Le pape a voulu encourager cette région, en écrivant dans la presse locale: « J’ai choisi d’en faire l’annonce dans les pages de votre journal parce que j’aimerais que mon choix soit une caresse pour la souffrance de ces jours-ci. Une caresse symbolique qui, de « Padoue capitale européenne du Volontariat 2020 », puisse s’étendre à toutes les autres villes qui partagent ce moment, et, en même temps, donnent au monde un témoignage de bonne volonté. La grande histoire est faite de nombreuses petites histoires locales, particulières qui ont une beauté propre. »
Le pape donne le ton en faisant observer le contraste entre le bénévolat et une certaine mentalité moderne: « Aujourd’hui, nous sommes soumis à la tentation de jeter au lieu de réparer, de défaire un ouvrage plutôt que de recoudre : c’est le sort que nous réservons non seulement aux objets, mais aussi aux personnes, surtout à celles qui sont le plus sans défense. »
Faisant allusion aux histoires que le Chemin de Croix tresse avec les méditations de la Passion du Christ, le pape ajoute: « Les histoires personnelles des hommes et des femmes sont cependant le patrimoine le plus important que nous ayons : à aucune d’elles ne devrait être refusé un regard aimant d’attention et un geste de bonté. Des gestes qui racontent combien l’autre est important et aimé, indépendamment de la condition de vie dans laquelle il se trouve. »

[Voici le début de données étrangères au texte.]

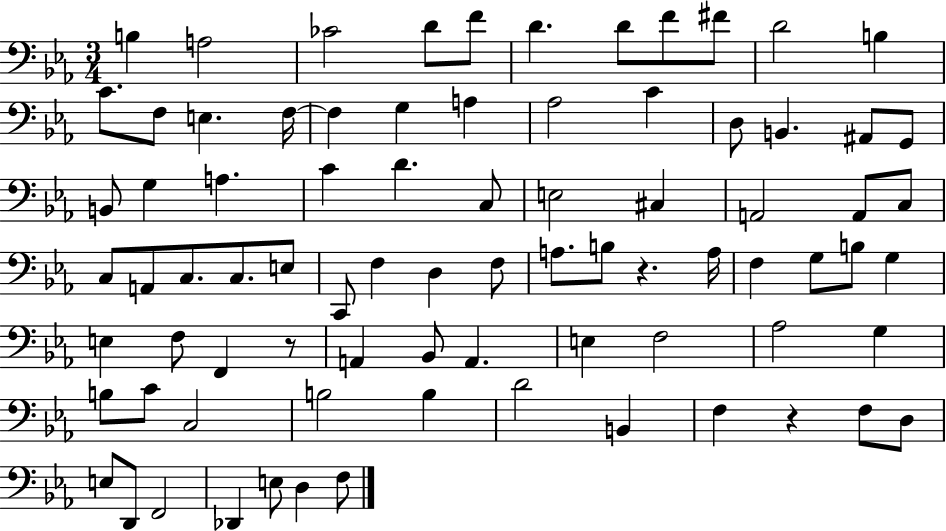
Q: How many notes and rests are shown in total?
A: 81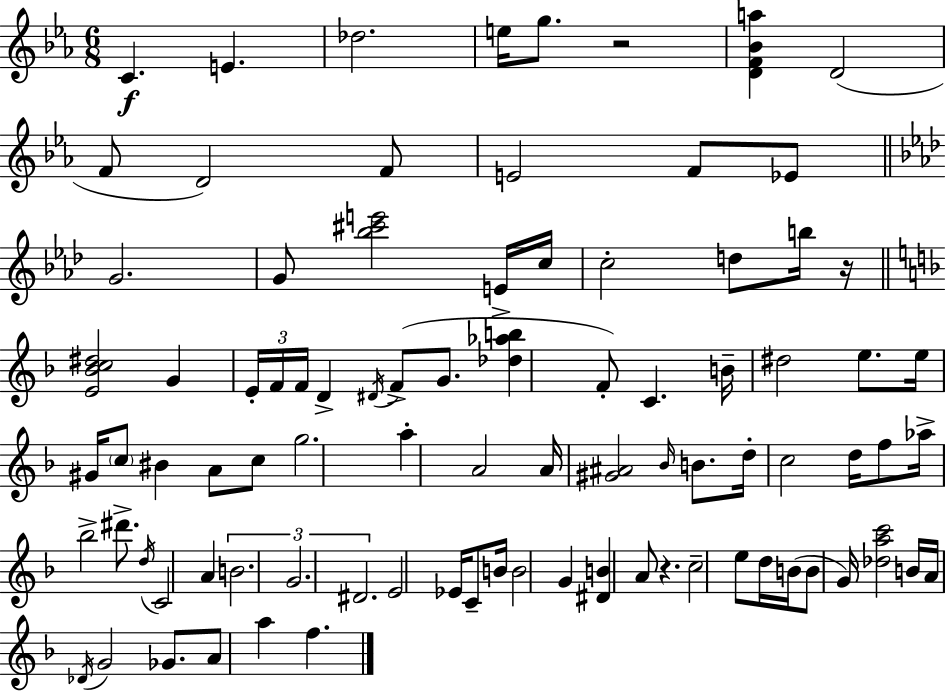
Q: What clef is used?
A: treble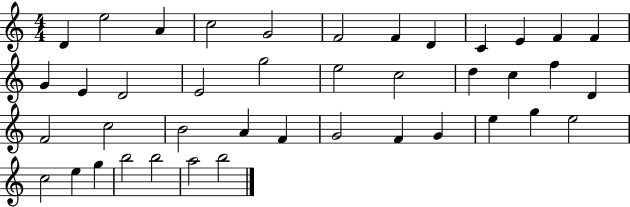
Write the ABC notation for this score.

X:1
T:Untitled
M:4/4
L:1/4
K:C
D e2 A c2 G2 F2 F D C E F F G E D2 E2 g2 e2 c2 d c f D F2 c2 B2 A F G2 F G e g e2 c2 e g b2 b2 a2 b2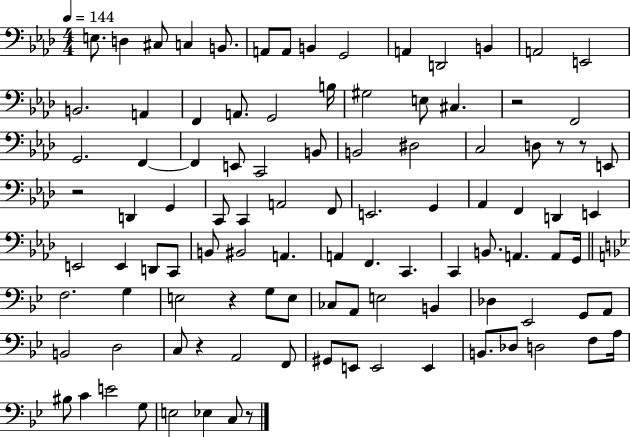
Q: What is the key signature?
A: AES major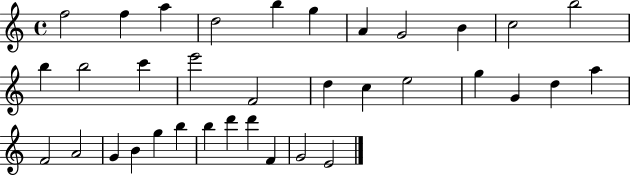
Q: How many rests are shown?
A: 0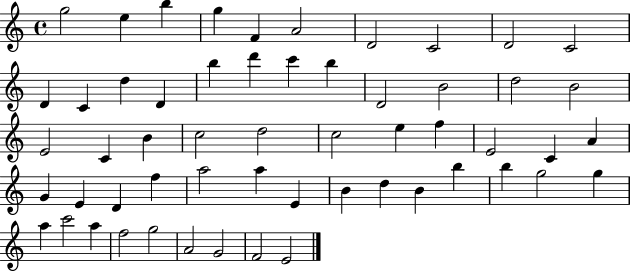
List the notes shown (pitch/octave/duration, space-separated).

Les quatorze stations du Chemin de croix seront en effet entrelacées avec quatorze histoires de la vie des détenus, des officiers de la police pénitentiaire, des éducateurs de la prison, des bénévoles, de ceux qui administrent la justice, mais aussi des familles, de victimes, ou d’innocents injustement accusés, explique le pape.
Il explique son émotion à la lecture des méditations: « J’ai été ému en lisant les méditations écrites : je me suis senti partie prenante de cette histoire, je me suis senti frère de ceux qui ont fait des erreurs et de ceux qui acceptent de se mettre à côté d’eux pour reprendre la montée du talus. Je suis conscient qu’il n’est pas simple d’harmoniser justice et miséricorde : mais lorsque cela réussit, le gain est au profit de toute la société. Je remercie la paroisse de la prison et, avec eux, je remercie toutes les personnes qui oeuvrent en faveur de ce monde étroit : que Dieu bénisse le bon coeur de ceux qui défient l’indifférence par la tendresse. »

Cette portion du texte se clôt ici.